A number of them were later investigated by the SEC and others for their actions in Malta and/or after their departure over the untold billions that changed hands and disappeared without a trace.
Many have since been investigated for a variety of crypto crimes.
These include Justin Sun, an early participant in Malta’s Blockchain Island, who was charged by the US Securities and Exchange Commission with the unregistered offering and sale of crypto assets. He was also charged with manipulating the price of TRX, his cryptocurrency.
They also include the government’s then ‘virtual currency partner’ Christopher Emms, now wanted by the FBI for teaching North Korea blockchain money laundering while operating in Malta.
Emms, who is now seeking asylum in Russia, once claimed to be spearheading Malta’s ‘Blockchain Island’ fever.
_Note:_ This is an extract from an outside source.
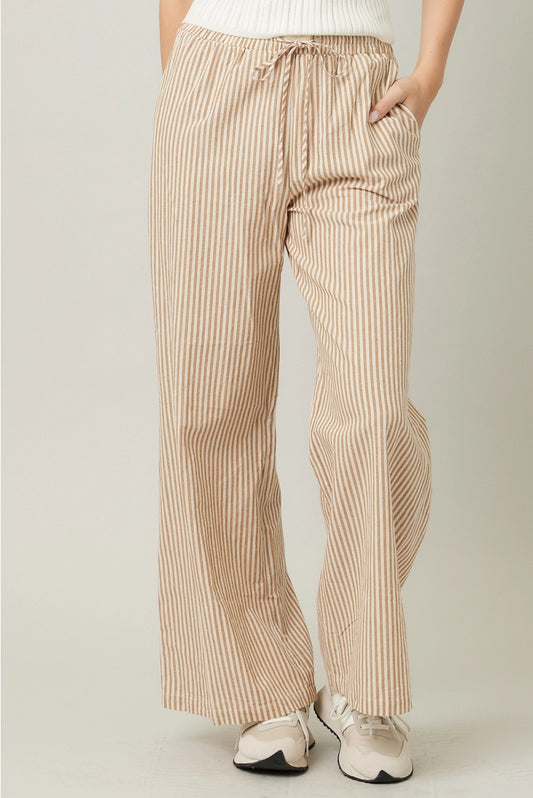 Beige striped pants worn by a person on a plain background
He is now wanted for violating US sanctions at a conference in North Korea that also led to the highly publicized arrest and indictment of Ethereum developer Virgil Griffith.
Emms is currently wanted in the US where he faces up to 20 years in prison for allegedly teaching North Korean government officials at the conference how to use blockchain to launder money and avoid US sanctions – crimes he allegedly committed while active under Malta’s Blockchain Ordeal.
Emms was subsequently placed on the FBI’s wanted list for teaching the technology to North Korea – has said he is now seeking political asylum in Russia.
More light is also being shed on the shady dealings Binance is suspected of running through Malta during its year-long 2018-2019 stay on “Blockchain Island”.
The latest revelation is that Binance had processed close to $346 million in bitcoin for Bitzlato – a digital currency exchange whose founder was arrested by US authorities last week over allegations that the exchange ran a “money laundering engine”.
The US Department of Justice charged Bitzlato’s co-founder and majority shareholder Anatoly Legkodymov, a Russian living in China, on January 18 with operating an unlicensed money exchange business that “operated a high-tech axis of cryptocrime” by processing $700 million in illicit funds.
Binance was among Bitzlato’s top three counterparties by the amount of bitcoin received between May 2018 and September 2022, according to the US Treasury’s Financial Crimes Enforcement Network (FinCEN).
Binance chief strategy officer Patrick Hillmann recently admitted in an interview with The Washington Post that the world’s largest cryptocurrency exchange, which established itself in Malta in 2018, “had flaws in its approach to regulatory compliance in the early years of its rapid expansion.”
The company, he said, has now changed its ways and is trying to make a clean break from its early days of shaky regulatory compliance.